Simple Strategy #2 is to be very clear about time expectations. All markets and companies are experiencing different time lines to close both purchase and refinance transactions. Between appraisals times, processing times, underwriting times, and the ability to get a closing scheduled, all need to be clear and well within a predetermined set of reasonable expectations. The phrase “under promise and over deliver” comes to mind. If you get a purchase contract into your office for 15 days for a firm commitment, you need to be very clear with ALL PARTIES as to what will be needed and BY WHEN to meet this time frame. If you get a purchase contract calling for a 21 day closing on an RDA loan, and your RDA region is running 9 day turnaround time, you need to get the contract changed on day one, not day 20!


Simple Strategy #3 is to be very careful about when you lock the terms of your deal. Once you tell the customer their deal is “locked”, you lose all leverage in getting that client to supply any additional materials you may need. Also, once you have “locked” the terms of the deal, the client now has full ability to “shop” your terms in a fluctuating rate market. You need to have a clear and specific conversation about rate locks and lock extensions before making the commitment on your terms, if the borrower isn’t as committed as you are.

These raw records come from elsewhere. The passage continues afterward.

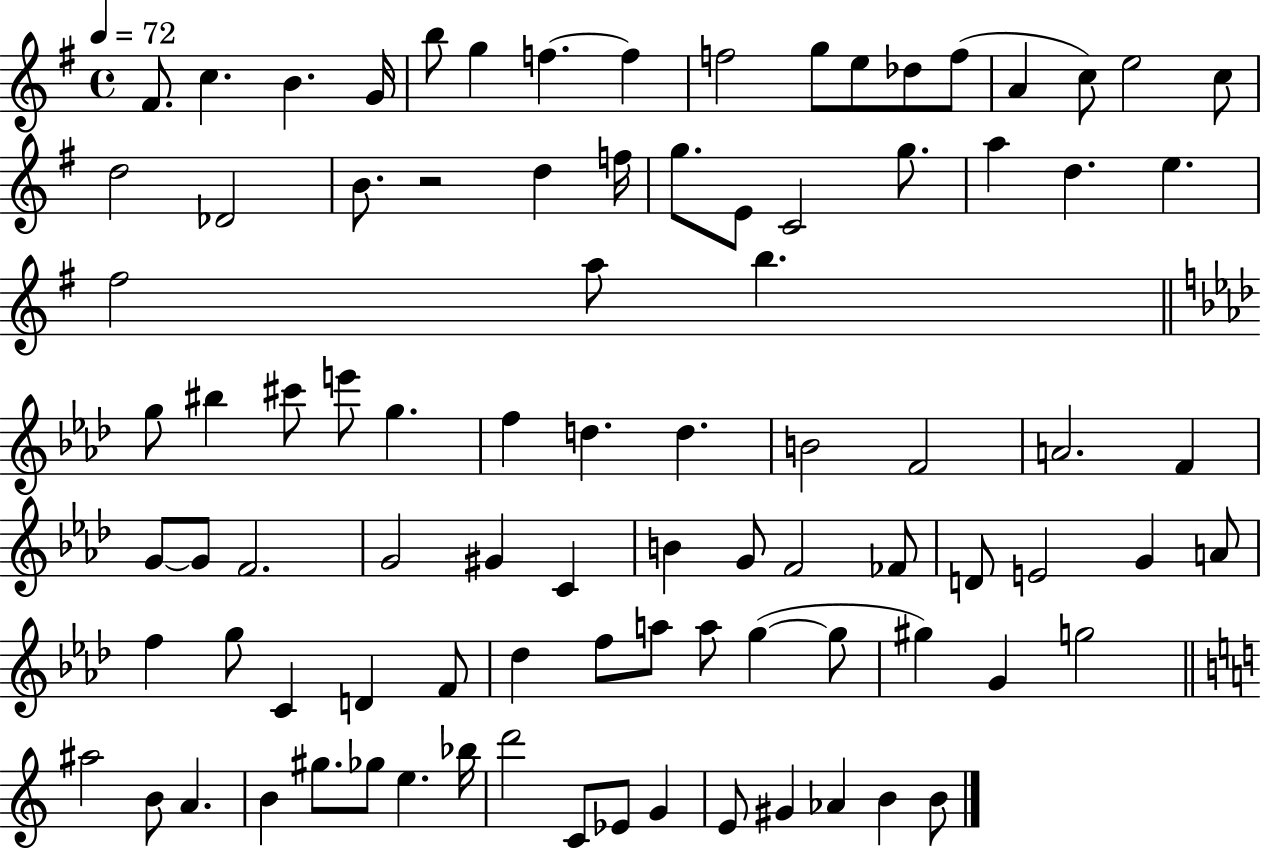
X:1
T:Untitled
M:4/4
L:1/4
K:G
^F/2 c B G/4 b/2 g f f f2 g/2 e/2 _d/2 f/2 A c/2 e2 c/2 d2 _D2 B/2 z2 d f/4 g/2 E/2 C2 g/2 a d e ^f2 a/2 b g/2 ^b ^c'/2 e'/2 g f d d B2 F2 A2 F G/2 G/2 F2 G2 ^G C B G/2 F2 _F/2 D/2 E2 G A/2 f g/2 C D F/2 _d f/2 a/2 a/2 g g/2 ^g G g2 ^a2 B/2 A B ^g/2 _g/2 e _b/4 d'2 C/2 _E/2 G E/2 ^G _A B B/2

Simple Strategy #4 is to get your loan files “bullet proof” before submission. Nothing is a bigger waste of time than chasing conditions and documentation. Know what you need and get it before it goes into processing. Create a checklist with your processor as to what they need from you to make the file flow smoother. Solid and complete files take a little more time upfront, but are well worth it down the road. Be a professional and turn in great files!

Simple Strategy #5 is to have a clear and specific communication schedule with everyone in the process. Certain specific points of communication are required and easy to schedule. A few things you want to include would be:


1)    Connecting with both Realtors® on a purchase transaction within 24 hours of file submission to be sure about appraisal issues.

2)    Appraisal review with the client and obtaining all need insurance information so the policy provided meets the requirements set in the application.

3)    Commitment conditions and clear to close dates to be certain everything is tracking the schedule.

4)    HUD-1 review prior to closing.

5)    Wire receipt confirmation with Realtors®

Five simple steps that take you from being busy, to becoming productive!